Apart from macroeconomic and global factors, microeconomic conditions play an important part within these deep structural changes, compelling us to review various theoretical and practical issues related to enterprise competitiveness and enterprise development strategies.
New types of services have a key meaning in the knowledge-based economy. The new services are characterized by a new form of delivery to the recipient as well as by different ways of service management. What is also new here is the degree of intangibility. These services are heterogenic in nature. Literature in this field lists many different, ofter conflicting or controversial methods of classification.
As has been mentioned before, a clear and fiiting classification of these services is important not only with regard to the possible success of our research studies. Its practical implications cannot be overestimated either. Various types of services require different forms of management in the enterprise.
What appears to be an over concise division, in fact compels us to review the characteristics of the economic category of services. This refers to such questions as to whether a given service indeed requires production and consumption simultaneously.
Another advantage of this division of services is the clear emphasis on the interactive aspect of services. The consumer (customer) is at the centre of that interaction and becomes an integral part of services activity management. The role of consumer needs and expectations is thus gaining in importance.
However, a different, important issue can be raised here: what is the actual starting point for enterprise quality management in the global service economy – the product or the consumer? What are the actual relations between production and sale? What is the approach to consumption in contemporary economic theory?
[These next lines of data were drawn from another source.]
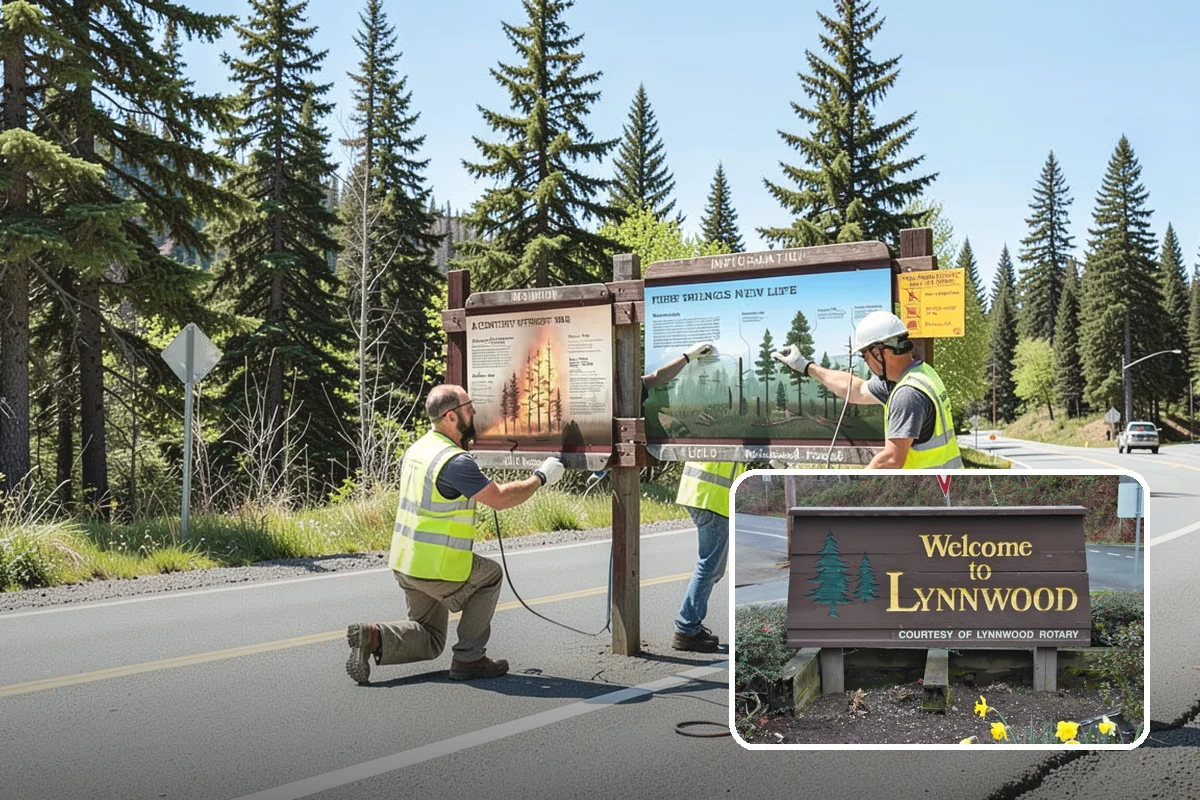Bulletin Board Installation in Lynnwood, Snohomish County, WA - Gives the public a protected, official posting location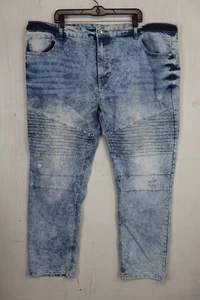 Jean homme Southpole Y2K délavé à l'acide taille 46x32 bleu stretch moustache vieilli - Photo 1/12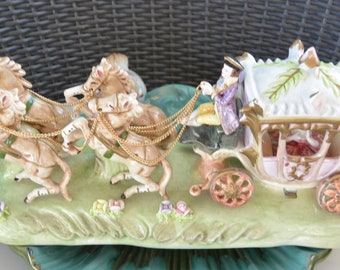 Capodimonte Porcelain Horse Drawn Carriage: Royal Coach Figurine
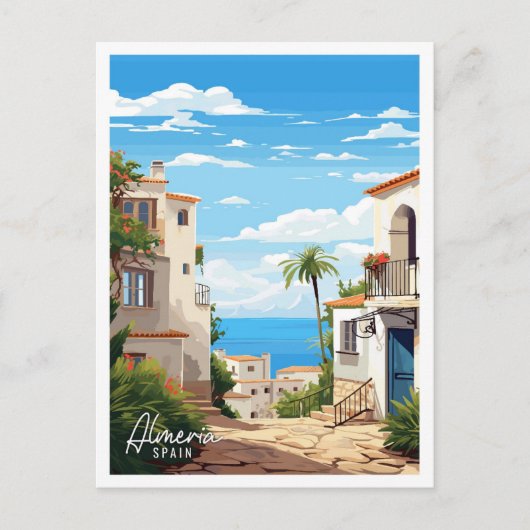 アルメリアスペインアートヴィンテージ旅行イラストレーション ポストカード (正面)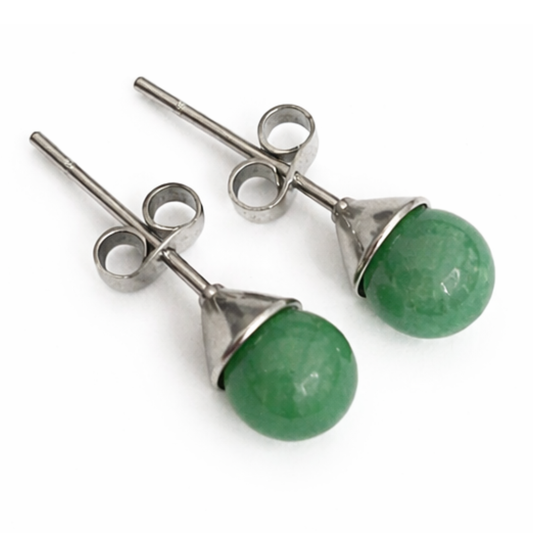 Prosperity Glow Green Aventurine Stud Earrings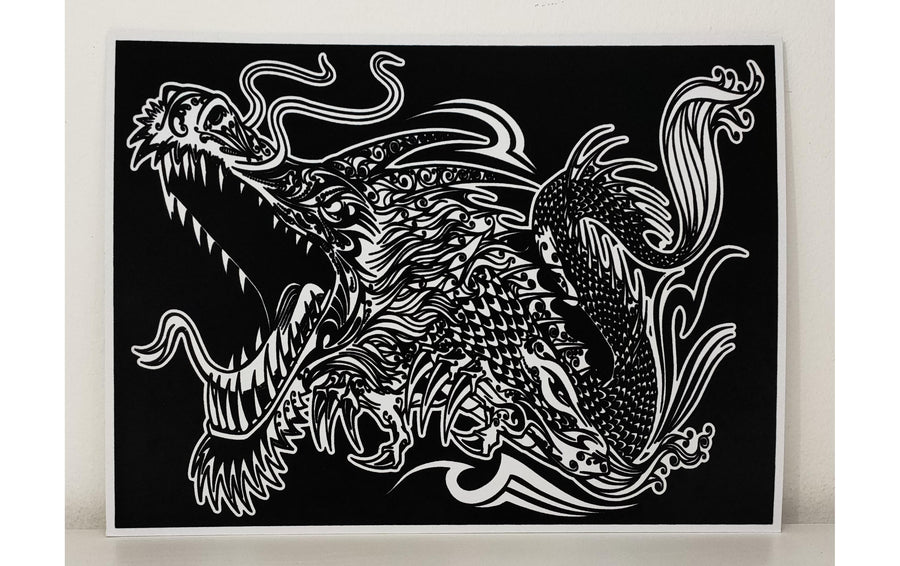 Tataruga Malset Samtbild Drache A3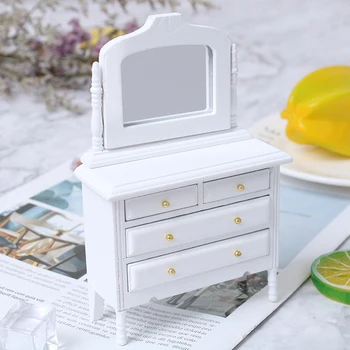 

Miniature Bedroom Furniture 1/12 Scale Wooden Makeup Dressing Tbale + Cushioning Makeup Stool for Dollhouse Dressing Room Decor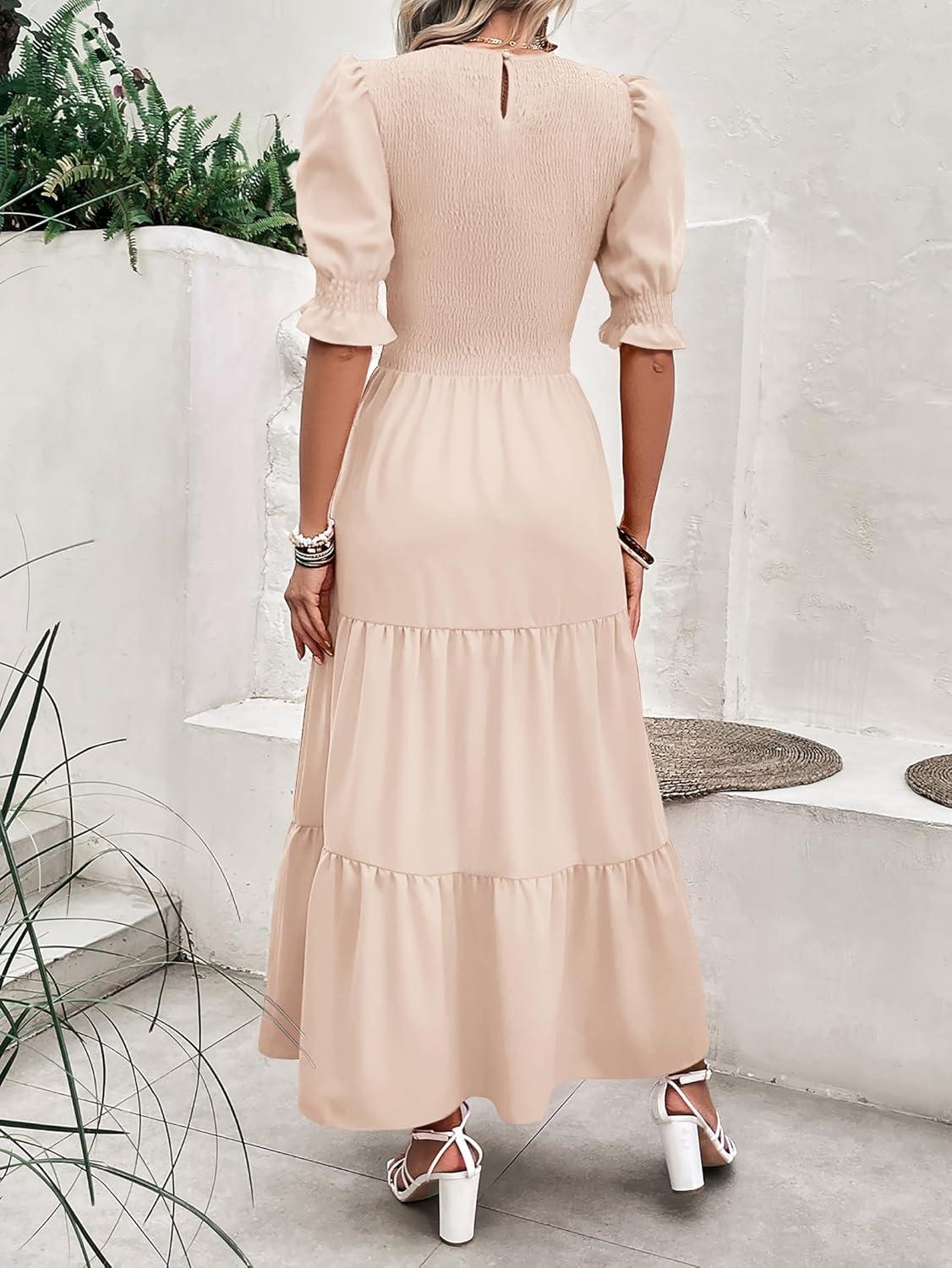 imageBTFBM Women Casual Summer Dresses 2026 Spring Crew Neck Ruffle Short Sleeve Smocked Floral Boho Flowy Maxi Dress ClothesSolid Beige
What are the actual relations between economics and management in this area, i.e. between the goals and the resources?
Is the consumer the most important element of contemporary enterprise management, with the enterprise seeking to be increasingly competitive? Is it not about doing everything just to boost sales ans enhance the enterprise value, using different sophisticated marketing techniques? Should we not, then, in many situations firstly see marketing as an increasingly efficient tool of manipulation of existing and potencial customers – an instrument which is highly undesirable from the perspective of the interests of the enterprise’s stakeholders (other than its shareholders)?
In the context of such rapid changes in the global environment we should compare the extent to which Polish enterprises are adapting to the global trends in the digital economy. What matters at this point is the speed and quality of the infrastructure created for information products manufactured in the future.